With that out of the way, let’s get into trickier pets – pets with dark or black fur. Dark fur can pose numerous problems because it is easy to have your sensor over adjust and suddenly you got a silhouette of a dog. There are several ways you can address this issue, but you have to put a little more thought into things. Thankfully, every trick you learn to use when working with dark fur will help your photography out tremendously and will help you out in low light situations.
Anyway, the three easy approaches are this:
1) Consider your background – if you put a black dog in white snow, your scenario changes drastically. Granted you don’t always have snow, but you have greenery or other colors to play off of and help utilize the dog’s fur to make it the center of attention.
2) Use a flash to help give the dog some depth.

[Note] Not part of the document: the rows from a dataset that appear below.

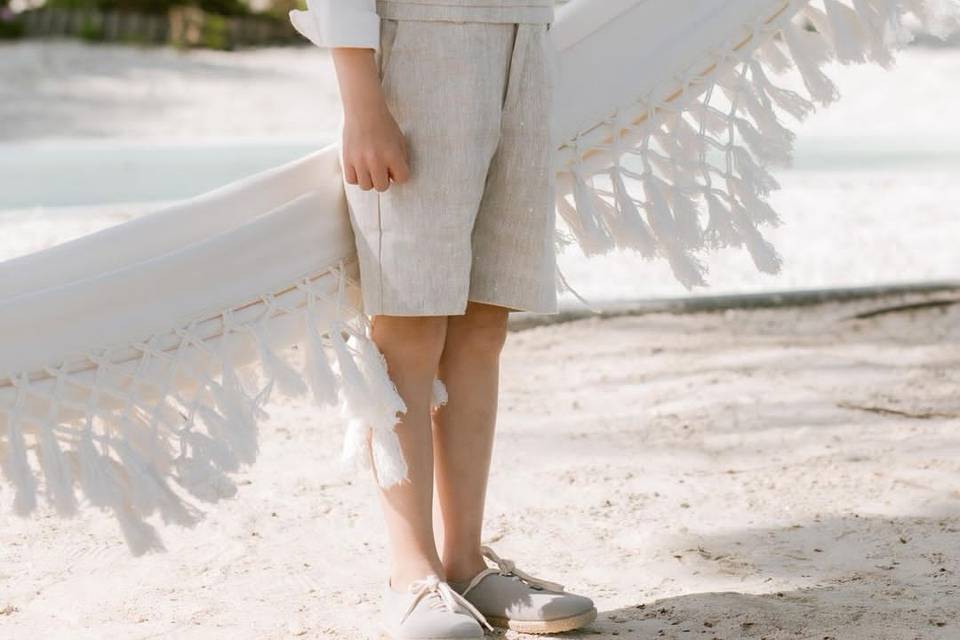 Garçon tenue de cérémonie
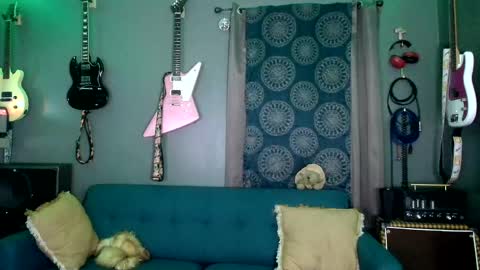 Flannel Dong online show from 11.29.25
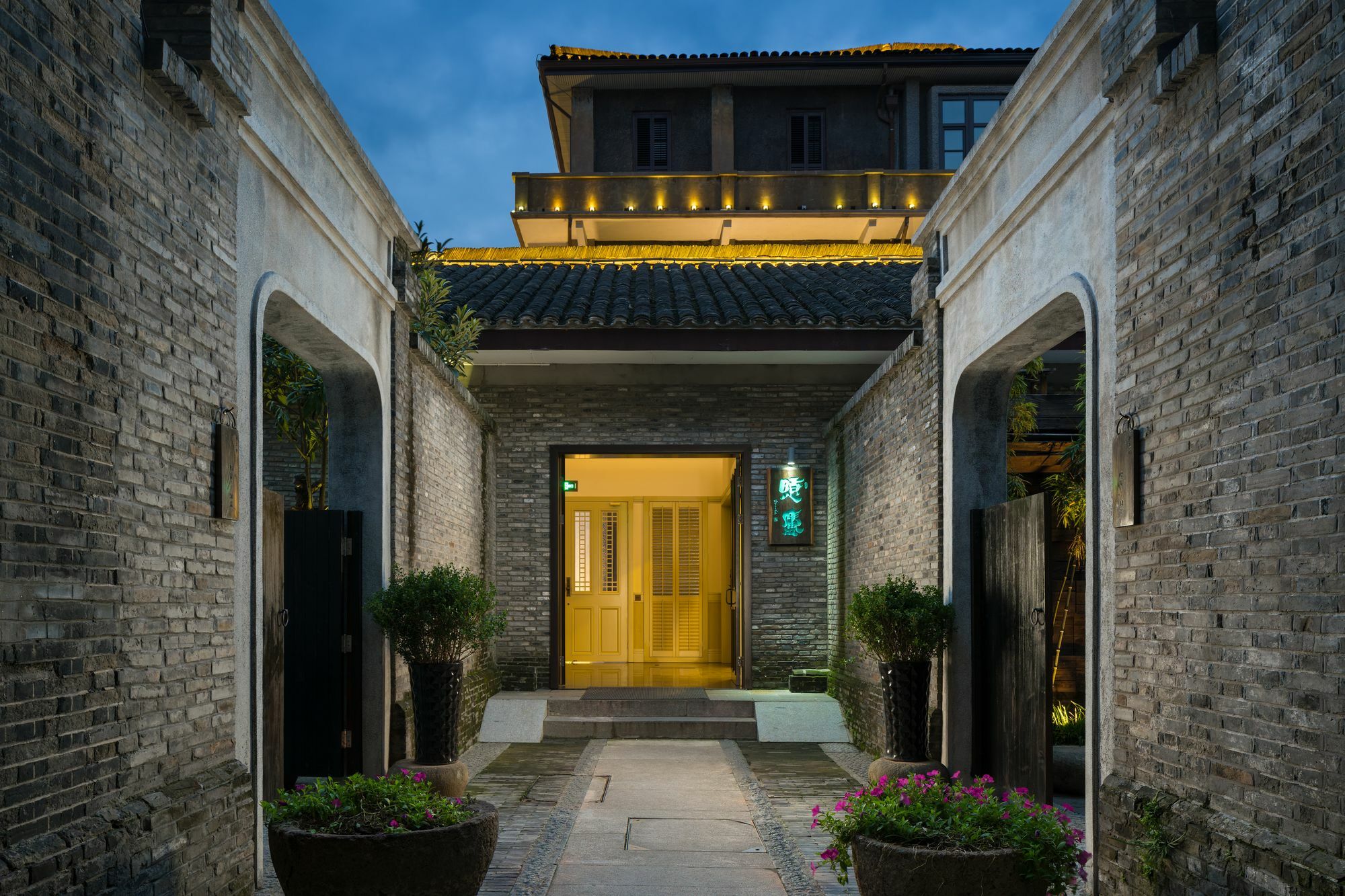 Relais & Chateaux Chaptel Hangzhou Hotel Bagian luar foto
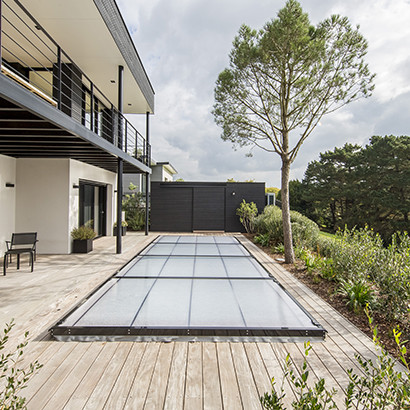 Abri de piscine plat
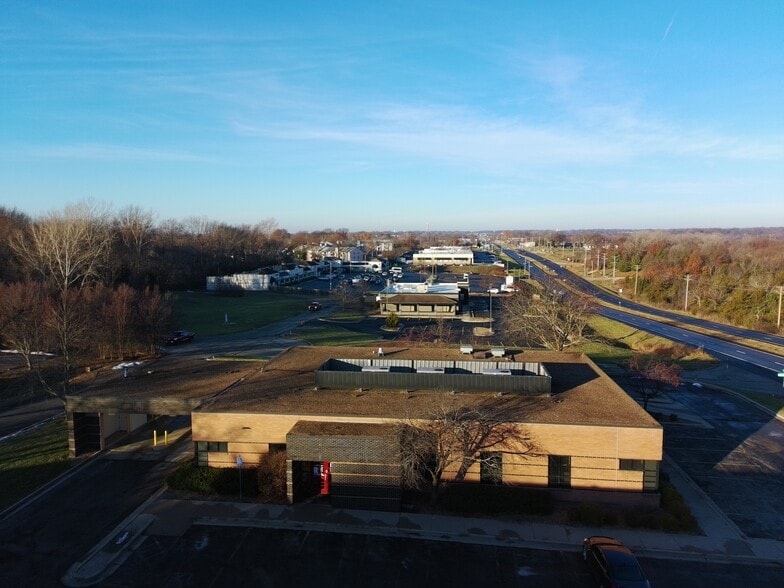 More Photos Of 17811 E 40 Hwy, Independence Office For Sale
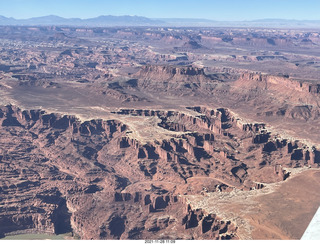 111 a19. aerial - flight from moab to phoenix - Canyonlands National Park - Island in the Sky - White Rim
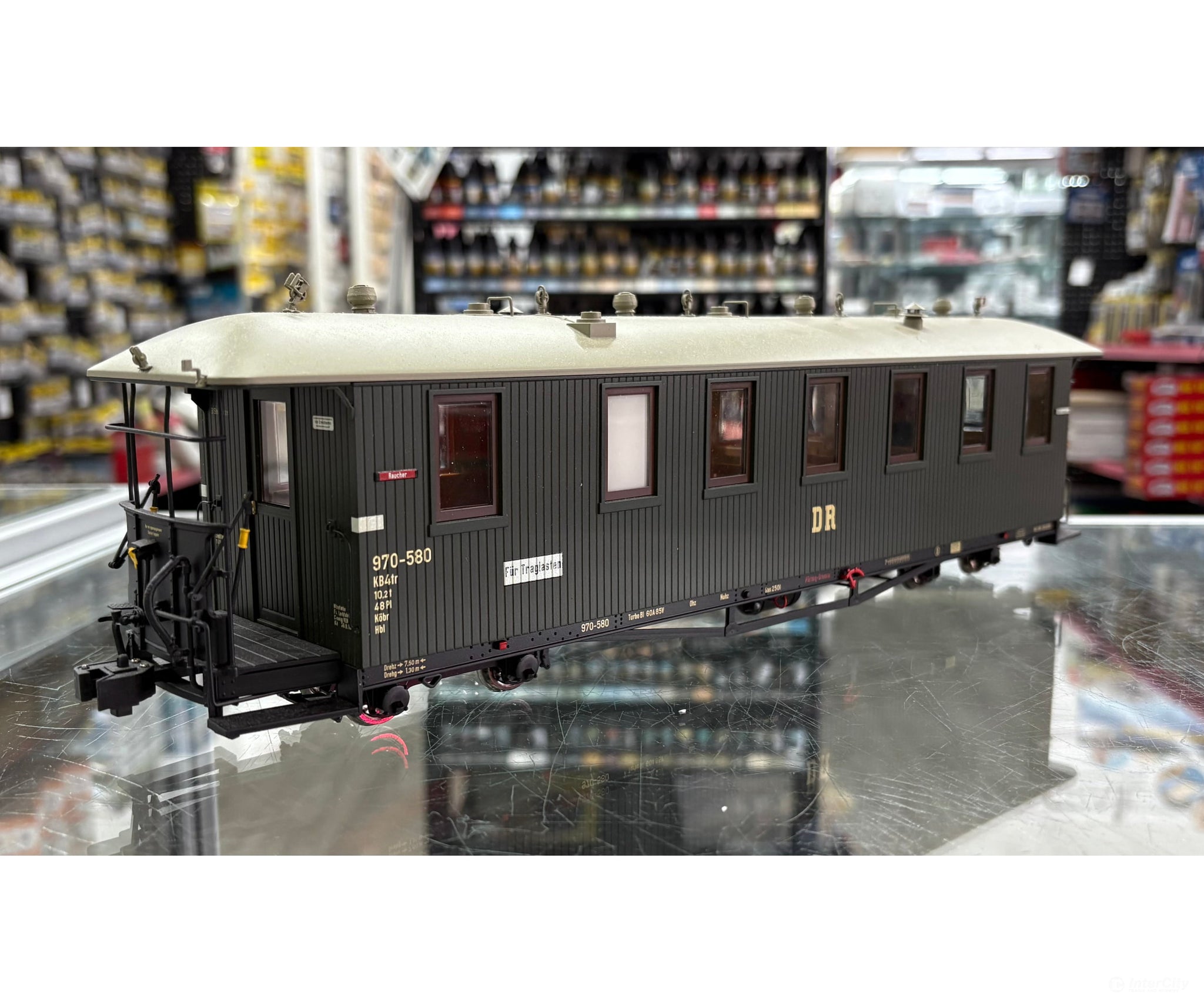 Hubner 2006 1 Gauge Narrow Gauge 1e Passenger Coach Kb4Tr Of The DR hubner-2006-1-gauge-narrow-gauge-1e-passenger-coach-kb4tr-of-the-dr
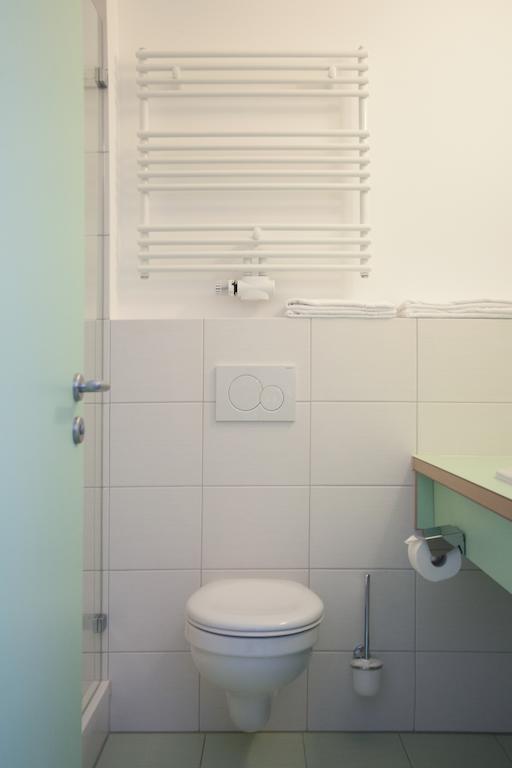 Come Inn Landshut Rum bild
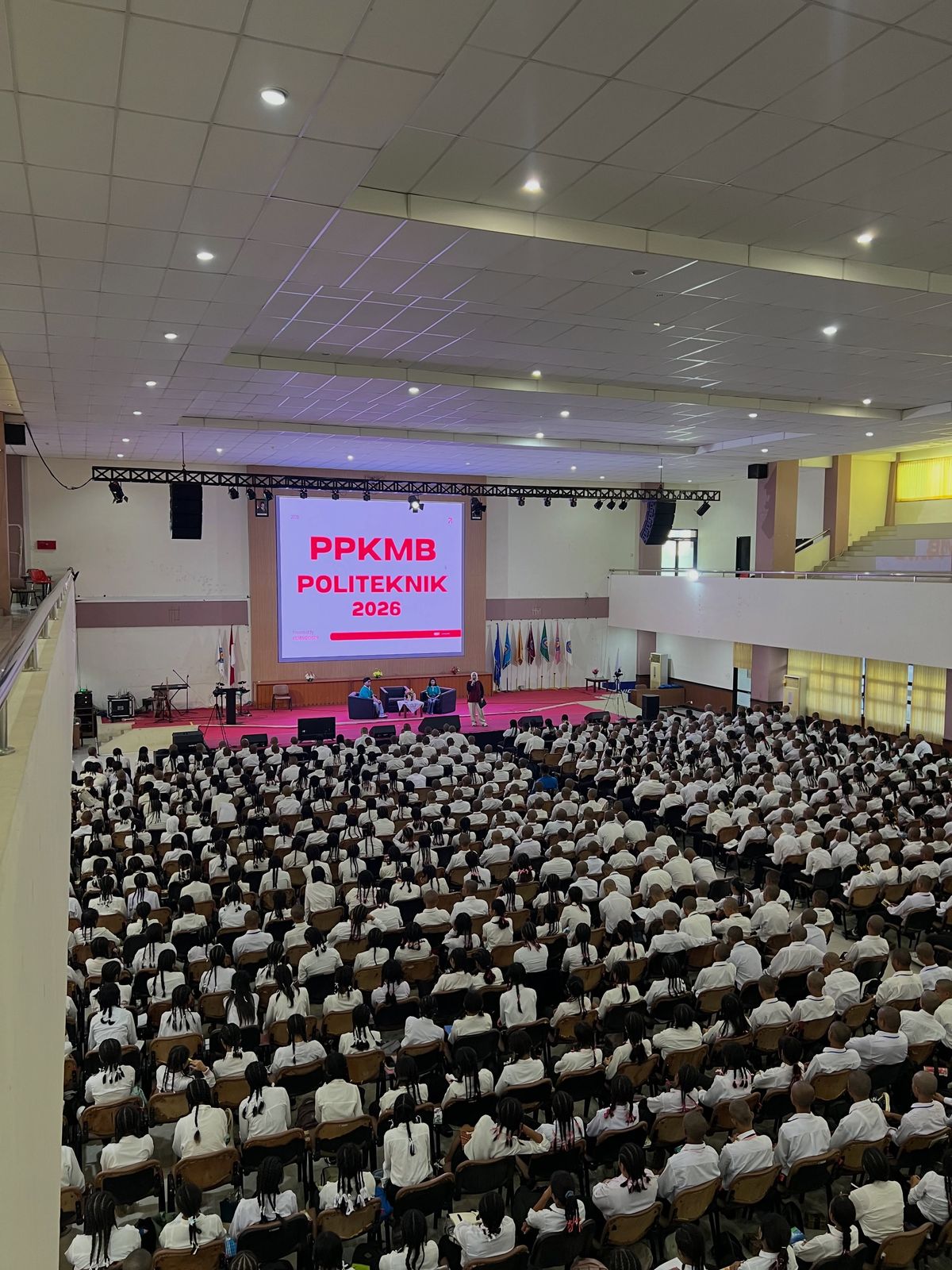 Suasana PPKMB Politeknik 2026 dengan ratusan mahasiswa baru
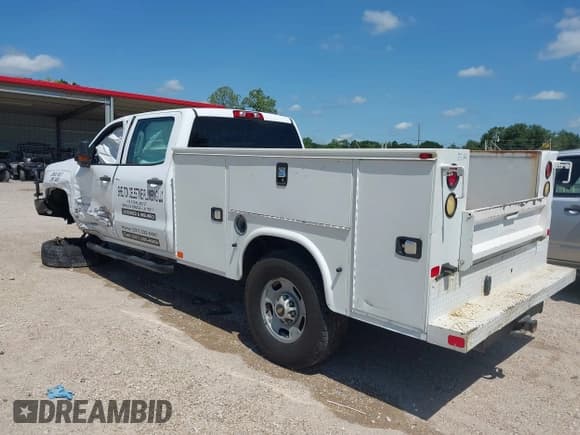 ✅ 2018 Chevrolet Silverado 2500HD Work Truck • VIN: 1GC1KUEG8JF211277 • Lot: 42113305. Listed on IAAI with 210,592 mi. Free auction sales archive from the USA and detailed vehicle history report at DreamBid. Image 3.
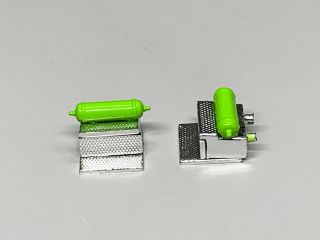 1/64 Dcp Parts Lime Green/chrome Peterbilt 359/379/389 Air Tanks & Steps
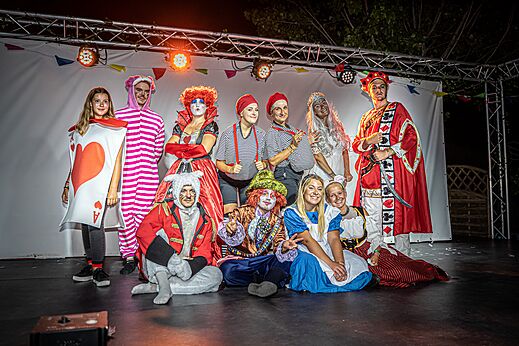 Équipe d'animation costumée sur scène au camping CAPFUN Fort Falabraque Seltz (67).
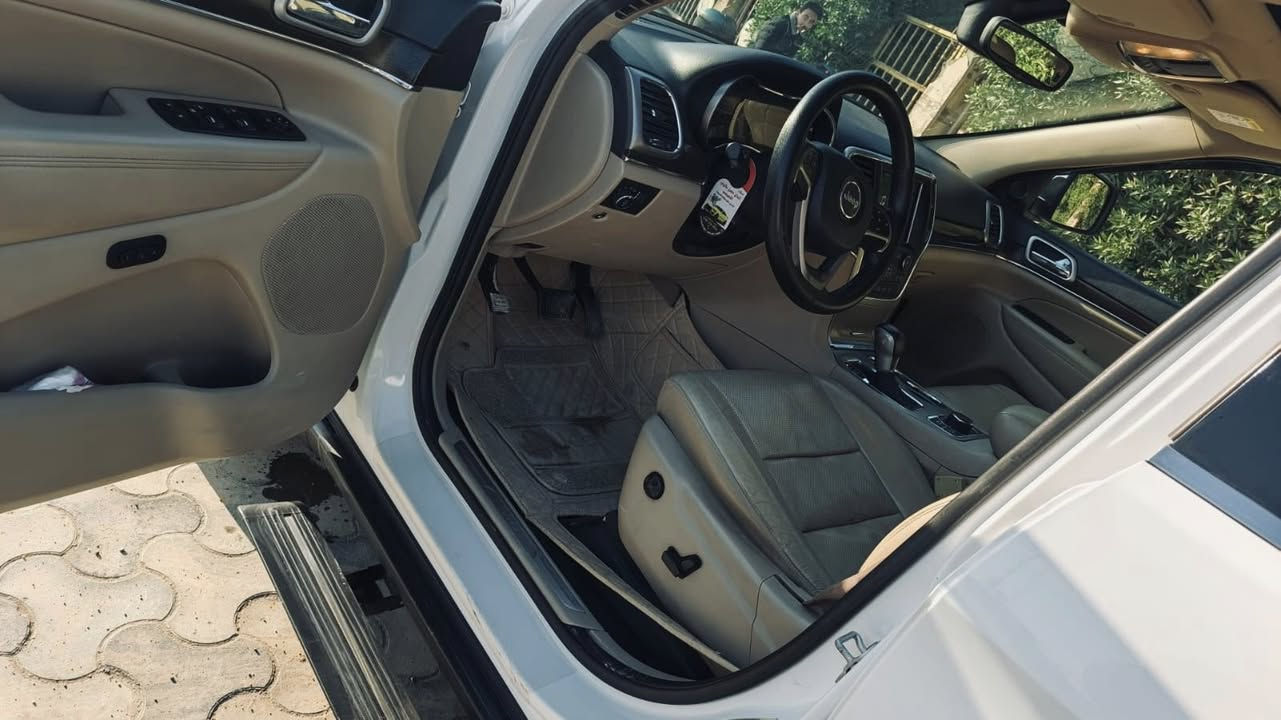 للبيع جيب 2018 خليجي 
اوفر لاند بلاص فول مواصفات 1/1 
معروفه مواصفات اوفر لاند بلاص
سياره خليجي 
فول لفول شاشات خلفيه شاشه كبيره 
دوسه تنزل ويه فتحت باب 
سياره فول ماوس كومه مواصفات خير من الله 
سياره جديده مكفوله كفاله عامه 
من كلشي. 
كير محرك كفاله 
رقم اربيل حديذ تحويل ثاني يوم 
السعر275 وبيها مجال 
فلوجه 
استفسار
‏***********‏
***********
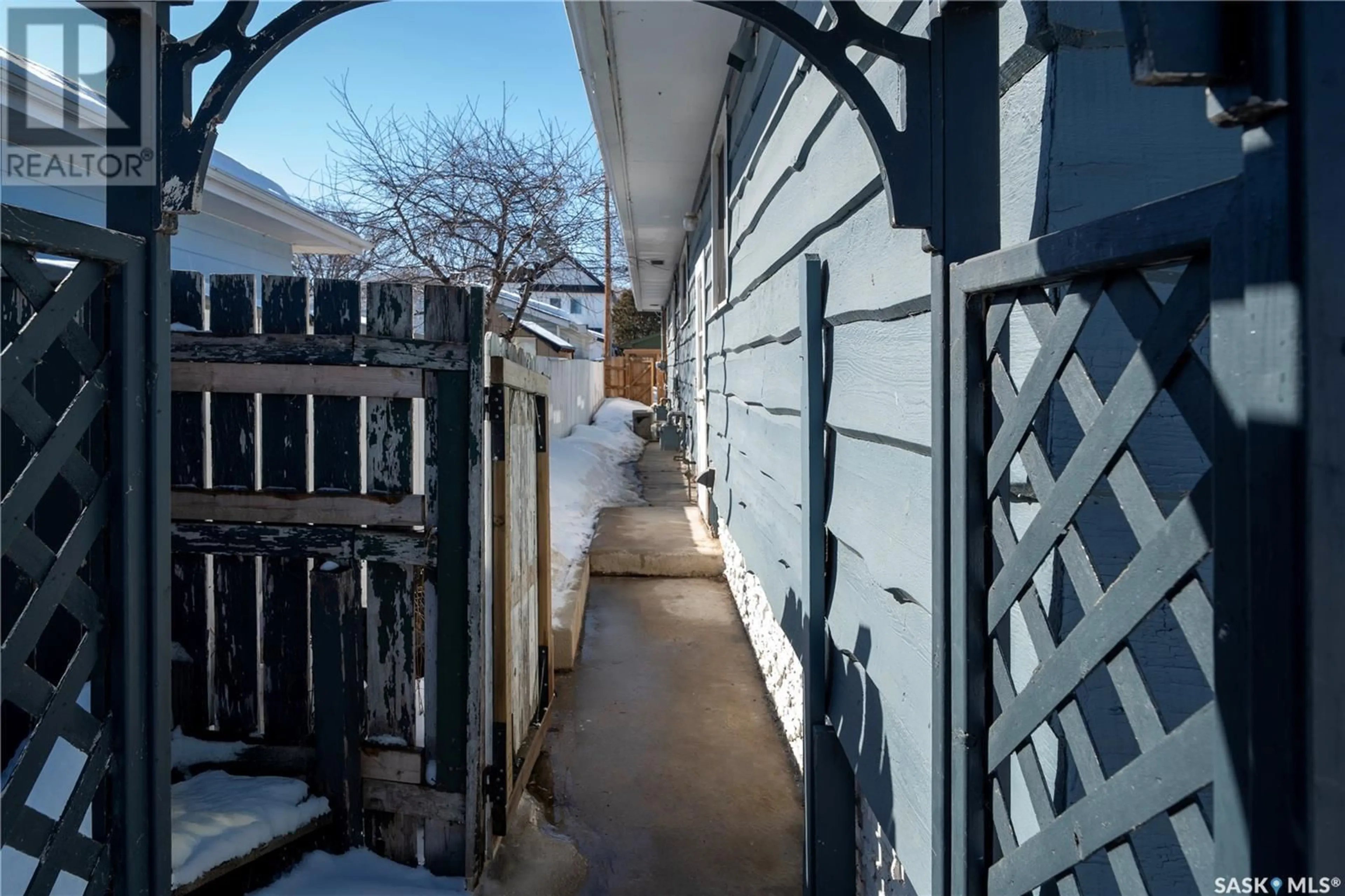 Patio, street for 1413-1415 PRINCE OF WALES AVENUE, Saskatoon Saskatchewan S7K3C9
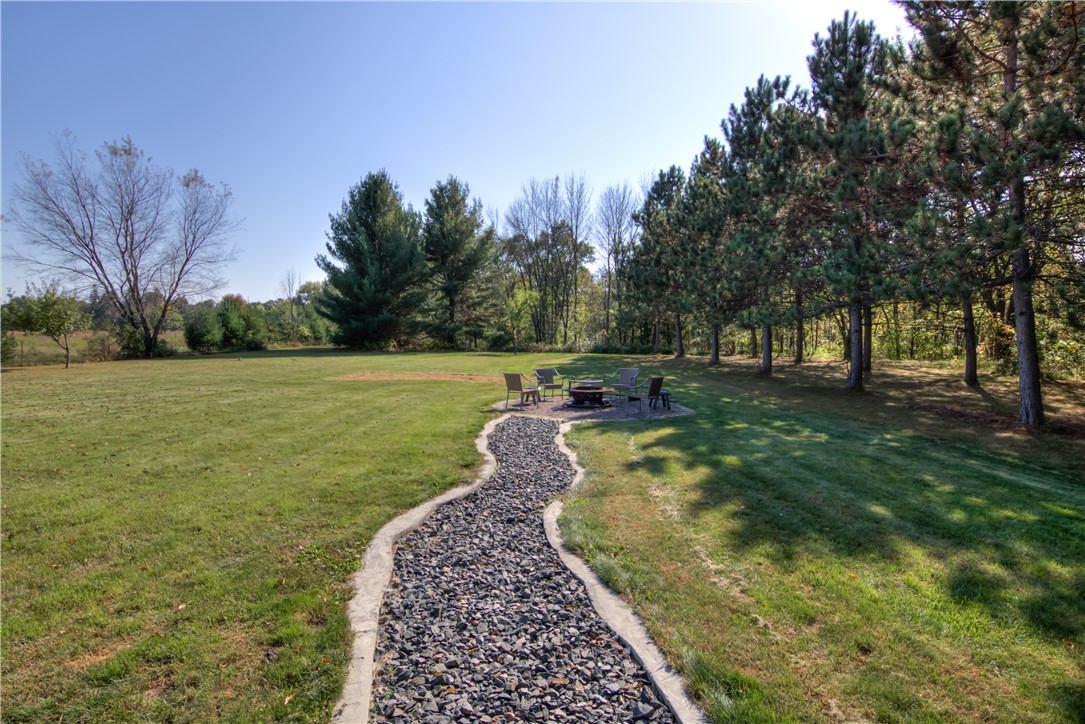 Cadott, Wisconsin, 54727, United States, 4 Bedrooms Bedrooms, ,2 BathroomsBathrooms,Residential,For Sale,1961468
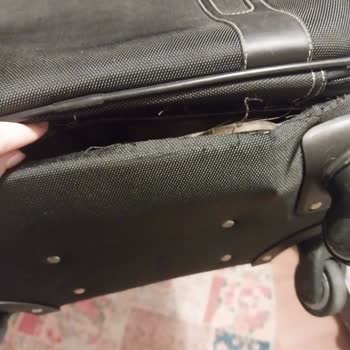 Pegasus Bagaj Hasarı, Valiz İkiye Ayrılmış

Darker color absorbs light, which is why your camera sometimes goes overboard in trying to figure out how to deal with animals with dark fur. If you throw some light in up front that will help the sensor in your camera find that depth.
3) Processing tools. This is the easiest but does add an extra step in your workflow. You can use the shadows slider in most photo processing tools to help counter what your camera’s sensor is doing. Just be sure you are shooting in RAW format when you take the pictures. Processing tools love photos in RAW or your camera’s equivalent of RAW.
Anyway, all these were shot using light from a window. Processing tools were used to add depth to the cat and dog. Also, the cat isn’t in some sort of kitty lockup, that’s just a play area for kids so the dogs don’t mistake the toys for chew toys.